*** Opening EXERCISE MATERIAL ***

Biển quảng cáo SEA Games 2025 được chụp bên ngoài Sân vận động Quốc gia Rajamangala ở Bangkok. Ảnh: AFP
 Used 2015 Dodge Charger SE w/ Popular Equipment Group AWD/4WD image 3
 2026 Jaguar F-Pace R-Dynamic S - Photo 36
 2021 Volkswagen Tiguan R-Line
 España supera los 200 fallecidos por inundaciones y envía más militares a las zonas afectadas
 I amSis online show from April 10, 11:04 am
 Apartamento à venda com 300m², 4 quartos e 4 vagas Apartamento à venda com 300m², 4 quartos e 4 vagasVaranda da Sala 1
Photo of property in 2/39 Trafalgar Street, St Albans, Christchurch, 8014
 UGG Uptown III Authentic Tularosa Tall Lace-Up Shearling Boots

*** Closing EXERCISE MATERIAL ***

### WHAT THIS TASK INVOLVES
Go through the entries above and copy each line holding the string "Photo".

### YOUR SOLUTION
 2026 Jaguar F-Pace R-Dynamic S - Photo 36
Photo of property in 2/39 Trafalgar Street, St Albans, Christchurch, 8014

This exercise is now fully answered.